Goff complains about unemployment
NZPA reports:
Closing the gap with Australia and stemming the trans-Tasman brain drain is one of the Government’s main long-term aims but Labour leader Phil Goff said the reverse was happening.
“Australian employment figures have soared for the fourth straight month and the jobless rate has fallen to 5.5 percent, a full percentage below New Zealand’s unemployment,” he said.
“For the first time in more than a decade, Australian unemployment levels over the past six months are lower than New Zealand, with Treasury forecasts that New Zealand’s unemployment will continue to grow.”
Now it is true that unemployment is now higher in New Zealand than Australia, and this is not good. Unemployment is a lose-lose.
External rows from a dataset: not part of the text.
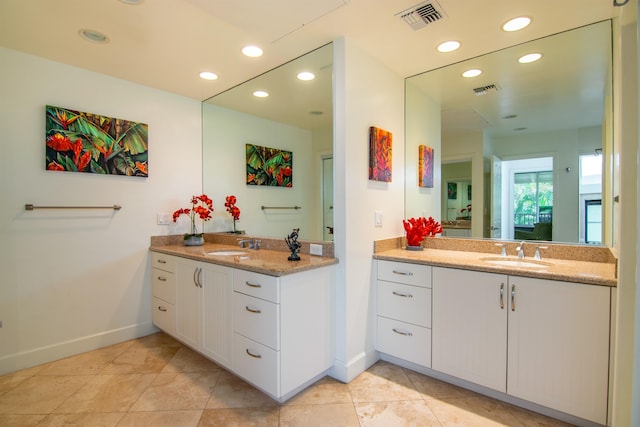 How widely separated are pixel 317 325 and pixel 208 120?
246cm

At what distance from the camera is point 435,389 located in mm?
2018

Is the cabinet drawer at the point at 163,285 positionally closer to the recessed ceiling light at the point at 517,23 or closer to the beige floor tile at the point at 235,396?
the beige floor tile at the point at 235,396

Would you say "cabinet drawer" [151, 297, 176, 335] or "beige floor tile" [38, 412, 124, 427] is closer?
"beige floor tile" [38, 412, 124, 427]

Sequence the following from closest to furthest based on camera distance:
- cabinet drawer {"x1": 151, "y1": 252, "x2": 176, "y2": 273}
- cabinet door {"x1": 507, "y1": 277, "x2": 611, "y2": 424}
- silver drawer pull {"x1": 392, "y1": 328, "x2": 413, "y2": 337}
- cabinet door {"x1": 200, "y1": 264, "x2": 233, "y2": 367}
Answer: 1. cabinet door {"x1": 507, "y1": 277, "x2": 611, "y2": 424}
2. cabinet door {"x1": 200, "y1": 264, "x2": 233, "y2": 367}
3. silver drawer pull {"x1": 392, "y1": 328, "x2": 413, "y2": 337}
4. cabinet drawer {"x1": 151, "y1": 252, "x2": 176, "y2": 273}

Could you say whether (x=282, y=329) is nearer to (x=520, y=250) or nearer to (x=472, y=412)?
(x=472, y=412)

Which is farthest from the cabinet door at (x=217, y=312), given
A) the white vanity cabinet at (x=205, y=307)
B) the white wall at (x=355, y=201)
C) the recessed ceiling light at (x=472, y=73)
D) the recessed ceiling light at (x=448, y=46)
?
the recessed ceiling light at (x=472, y=73)

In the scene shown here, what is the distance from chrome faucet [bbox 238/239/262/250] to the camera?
279 cm

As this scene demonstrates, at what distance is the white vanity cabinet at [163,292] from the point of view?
2648mm

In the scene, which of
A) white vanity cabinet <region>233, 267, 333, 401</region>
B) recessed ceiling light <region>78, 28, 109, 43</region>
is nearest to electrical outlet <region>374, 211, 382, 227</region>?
white vanity cabinet <region>233, 267, 333, 401</region>

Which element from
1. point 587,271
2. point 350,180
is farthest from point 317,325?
point 587,271

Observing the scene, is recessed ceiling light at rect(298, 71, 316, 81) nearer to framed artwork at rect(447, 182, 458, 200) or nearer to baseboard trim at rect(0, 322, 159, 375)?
framed artwork at rect(447, 182, 458, 200)

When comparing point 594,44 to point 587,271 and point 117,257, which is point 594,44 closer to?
point 587,271

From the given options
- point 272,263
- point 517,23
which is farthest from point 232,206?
point 517,23

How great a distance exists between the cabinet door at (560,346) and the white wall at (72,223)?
299 cm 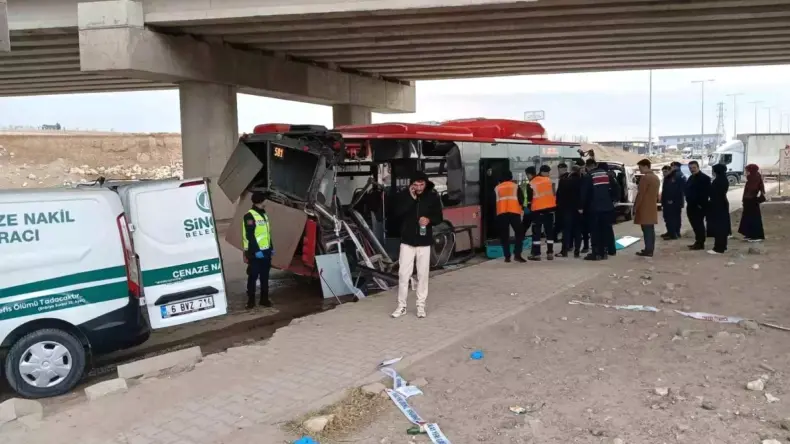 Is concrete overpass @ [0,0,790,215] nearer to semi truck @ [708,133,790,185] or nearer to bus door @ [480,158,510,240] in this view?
bus door @ [480,158,510,240]

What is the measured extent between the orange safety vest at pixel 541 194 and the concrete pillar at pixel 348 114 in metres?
17.3

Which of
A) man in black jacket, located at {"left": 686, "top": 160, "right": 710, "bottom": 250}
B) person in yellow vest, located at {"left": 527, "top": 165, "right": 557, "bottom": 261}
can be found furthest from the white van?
man in black jacket, located at {"left": 686, "top": 160, "right": 710, "bottom": 250}

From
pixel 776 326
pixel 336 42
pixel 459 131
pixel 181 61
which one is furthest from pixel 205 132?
pixel 776 326

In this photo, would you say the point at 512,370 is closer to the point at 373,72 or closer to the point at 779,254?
the point at 779,254

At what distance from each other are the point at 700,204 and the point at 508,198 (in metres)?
3.90

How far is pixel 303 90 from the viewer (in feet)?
79.1

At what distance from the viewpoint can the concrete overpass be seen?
1633 cm

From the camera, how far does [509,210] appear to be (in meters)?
11.1

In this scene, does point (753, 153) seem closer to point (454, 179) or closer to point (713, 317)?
point (454, 179)

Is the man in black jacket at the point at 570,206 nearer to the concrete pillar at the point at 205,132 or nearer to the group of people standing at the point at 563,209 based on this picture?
the group of people standing at the point at 563,209

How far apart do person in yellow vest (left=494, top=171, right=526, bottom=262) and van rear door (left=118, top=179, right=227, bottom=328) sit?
229 inches

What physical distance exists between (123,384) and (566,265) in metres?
7.56

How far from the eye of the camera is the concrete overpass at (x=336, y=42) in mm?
16328

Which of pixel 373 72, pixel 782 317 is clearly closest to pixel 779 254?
pixel 782 317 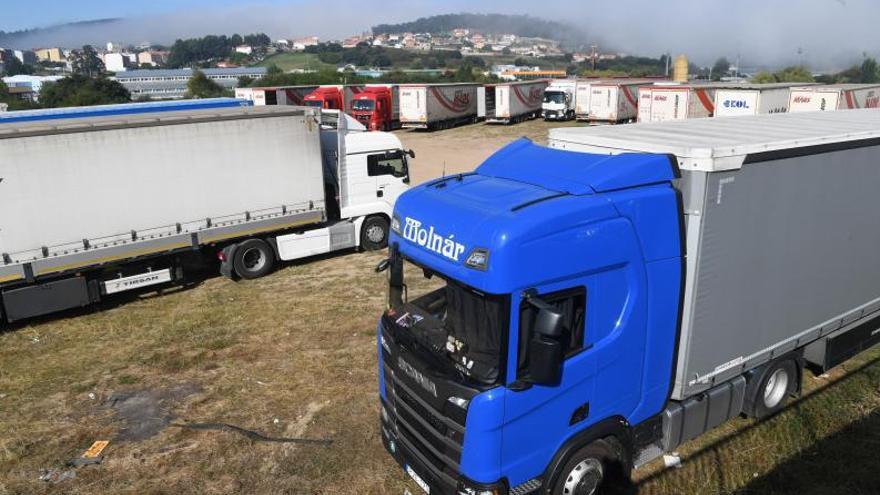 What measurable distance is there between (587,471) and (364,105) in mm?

Having able bodied people not working means we don’t achieve as high economic growth as we could, and it is bad fiscally as it means less tax paid, and higher welfare payments.
But unemployment tends to rise when economic growth falls away. Not straight away but normally with a lag of six to 12 months or so. So let us look at economic growth between NZ and Australia.
So why does Australia now have lower unemployment? Because New Zealand went into recession, and Australia did not. And no this was not a post credit crisis recession. New Zealand’s economy started shrinking in the first quarter of 2008, and kept shrinking until the second quarter of 2009.
Now people may be wondering who was responsible for the economy in the first quarter of 2008. Well a Phil Goff was an Associate Minister of Finance. So when Phil wonders why Australia now has lower unemployment than NZ, he doesn’t have to go far to ask how come.